Collected data —
>>

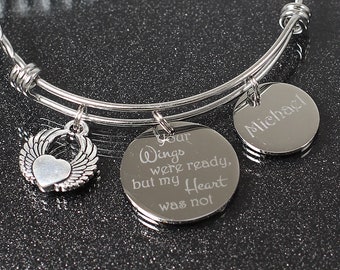 Bereavement Gift, dad memorial bracelet, custom engraved mom memorial jewelry, husband sympathy bracelet, son remembrance gift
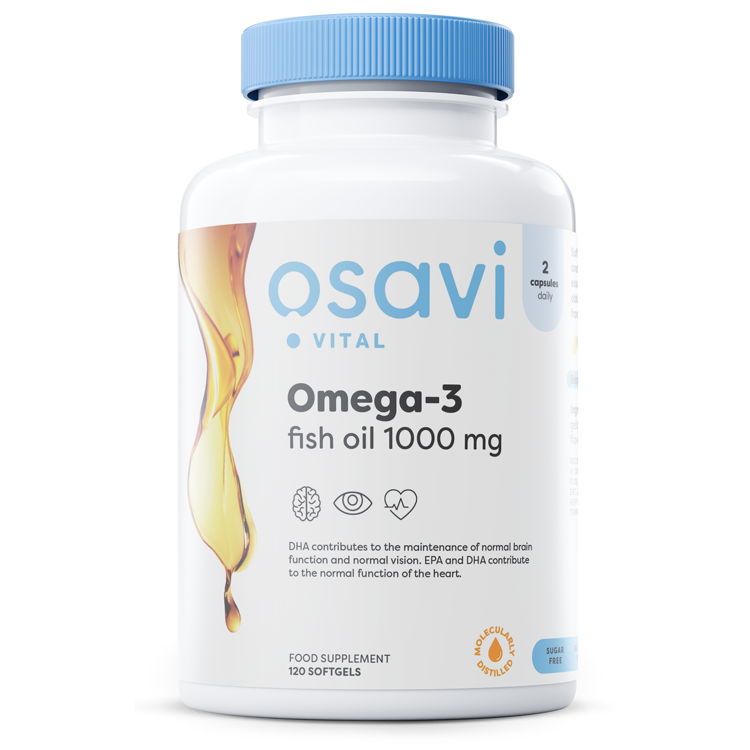 Osavi Omega-3 Fish Oil Molecularly Distilled, 1000mg (Lemon) - 120 softgels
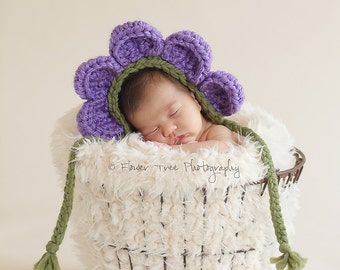 Newborn Flower Bonnet, Flower Hat, Newborn Photo Prop, Newborn Spring Bonnet, Baby Bonnet, Flower Hat, Flower Bonnet, Purple Flower Hat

<<

Prompt — Please print all the lines above exactly as given and leave out every picture.

Solution for this task —
 Bereavement Gift, dad memorial bracelet, custom engraved mom memorial jewelry, husband sympathy bracelet, son remembrance gift
 Osavi Omega-3 Fish Oil Molecularly Distilled, 1000mg (Lemon) - 120 softgels
 Newborn Flower Bonnet, Flower Hat, Newborn Photo Prop, Newborn Spring Bonnet, Baby Bonnet, Flower Hat, Flower Bonnet, Purple Flower Hat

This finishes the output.